In short, the message of this paper is *“SMT solvers are well capable of handling decision problems from security properties. However, specific problem domains usually require domain specific modeling approaches. Important limitations, challenges, and research opportunities remain in developing appropriate models for the three areas we discuss – vulnerability discovery, exploit development, and bypassing of copy protection”*. The motivation for writing this paper is to discuss these limitations, why they exist, and hopefully encourage more work on the modeling and constraint generation sides of these problems.

A quick review of the publication lists from major academic conferences focused on software security will show a massive number of papers discussing solutions based on SMT technology. There is good reason for this 1) SMT-backed approaches such as symbolic/concolic execution have proved powerful tools on certain problems and 2) There are an increasing number of freely available frameworks.

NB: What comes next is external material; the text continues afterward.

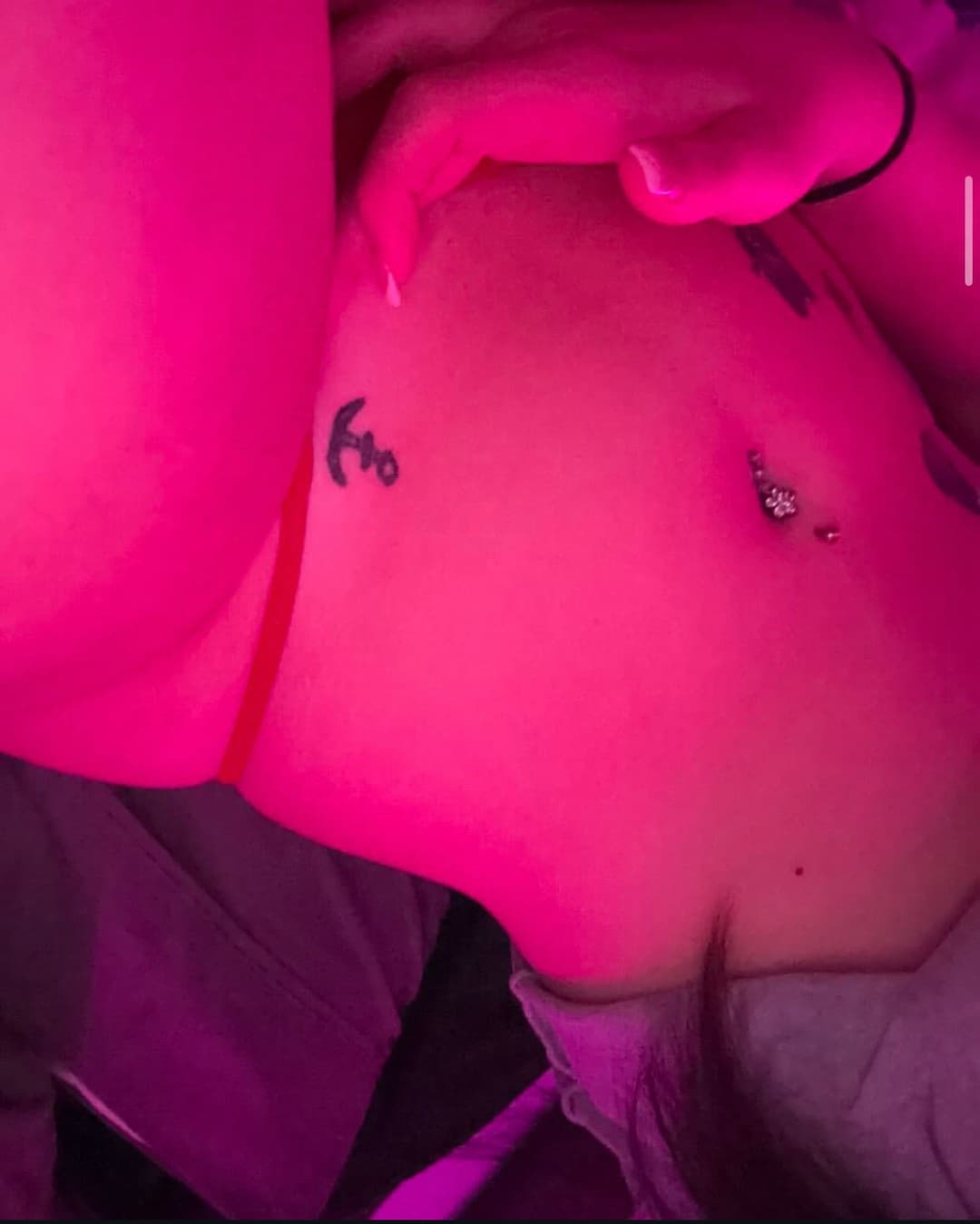 Kami, Sexy teen gets leaked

The primary domain where SMT solvers have shone, in my opinion, is in the discovery of bugs related to unsafe integer arithmetic using symbolic/concolic execution. There’s a fairly obvious reason why this is the case; the quantifier free, fixed size, bitvector logic supported by SMT solvers provides direct support for the precise representation of arithmetic at the assembly level. In other words, one does not have to do an excessive amount of work when modeling the semantics of a program to produce a representation suitable for the detection of unsafe arithmetic. It suffices to perform a near direct translation from the executed instructions to the primitives provided by SMT solvers.

The exploit generation part of the paper deals with what happens when one takes the technology for solving the above problem and applies it to a new problem domain. In particular, a new domain in which the model produced simply by tracking transformations and constraints on input data no longer contains enough data to inform a solution. For example, in the case of exploit generation, models that do not account for things like the relationship between user input and memory layout. Obviously enough, when reasoning about a formula produced from such a model a solver cannot account for information not present. Thus, no amount of computational capacity or solver improvement can produce an effective solution.

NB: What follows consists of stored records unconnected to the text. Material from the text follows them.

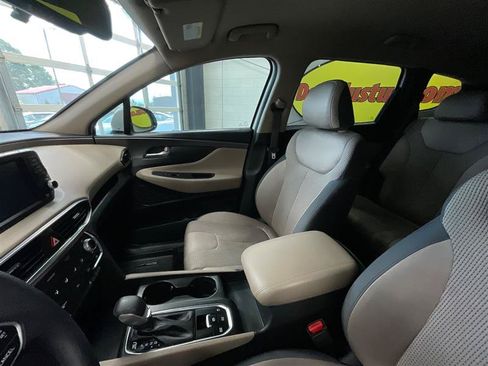 Used 2020 Hyundai Santa Fe SEL FWD image 12
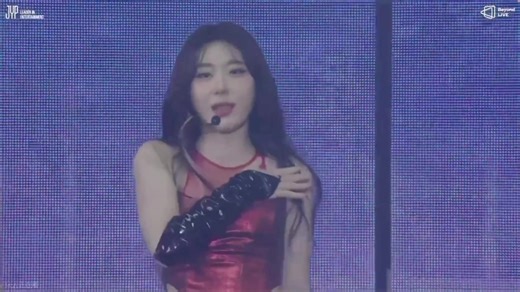 ITZY - Wannabe Live in Osaka, Japan | Born To Be Concert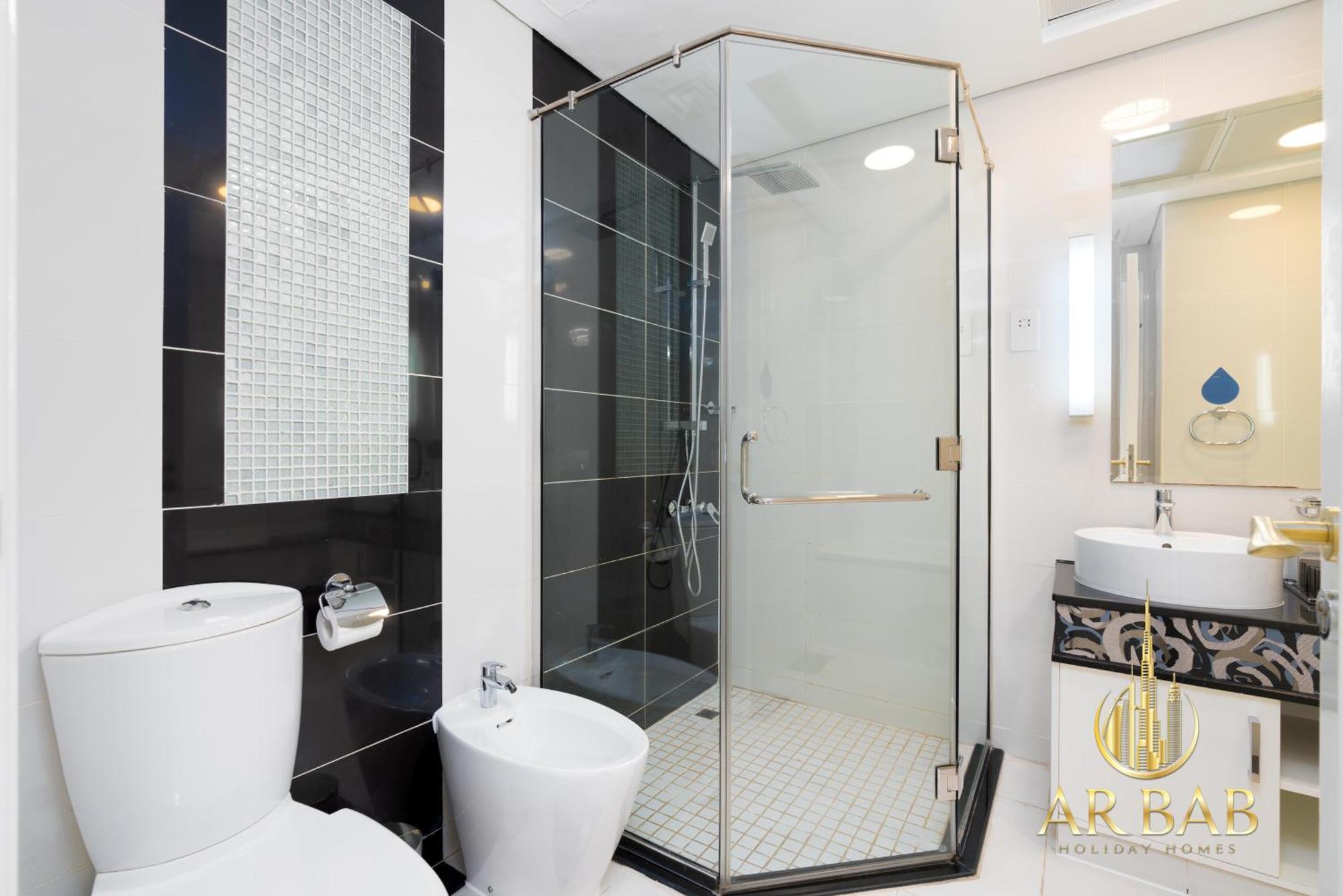 Damac Maison Mall Street - Luxurious 3Br - Burj Khalifa View - Near Dubai Mall Apartment *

SMT solvers are powerful tools and symbolic/concolic execution can be an effective technique. However, one thing I’ve learned over the past few years is that they don’t remove the obligation and effort required to accurately model the problem you’re trying to solve. You can throw generic symbolic execution frameworks at a problem but if you’re interested in anything more complex than low level arithmetic relationships you’ve got work to do!

Hi Sean, recently a read your paper, I’m particularly interested in vulnerability checking (second section) using SMT. I made some notes that I would like to share with you (and get some insight, if you have time). (i) How those variables inside the loop were selected? (ii) We can’t create a finite automaton using the code as it is (with the vulnerability). Then, we cannot build a logic invariant. If we don’t have an invariant we cannot use SMT solvers to determine if the code is vulnerabile or not.

I think the application showed inside the section 2 just proof that the invariant can represent the code. But fails to verify if the code is vulnerable.

Hey Marco,

So section 2 was written by Julien so I think he would be the best person to provide answers to your questions. I’ll pass him on your contact details.

Hello Marco,

I hope this message finds you well.

Section 2 has two invariants. One accurately describes the vulnerability (and can be proved), the other not. The invariant that doesnt work show how difficult it is to make the invariant more abstract, since just a little introduced abstraction already make the invariant unprovable (as explained in the paper, due to the introduction of spurious “symbolic” states that are infeasible in the loop, in which case the proof by induction fails on some newly introduced transitions on the automaton).

The reason to want to make the invariant more abstract is to simplify it (for example, use less variables) and attempt at generating the invariant automatically by using a pre-defined grammar on a small set of variables instead of needing an expert (the developer, usually) to manually write the invariant for the checker. You can read more on this precise example in another presentation: “Modern static security checking of C/C+ programs” that gives more context.

Let me know if you need any further explanation.

@jvanegue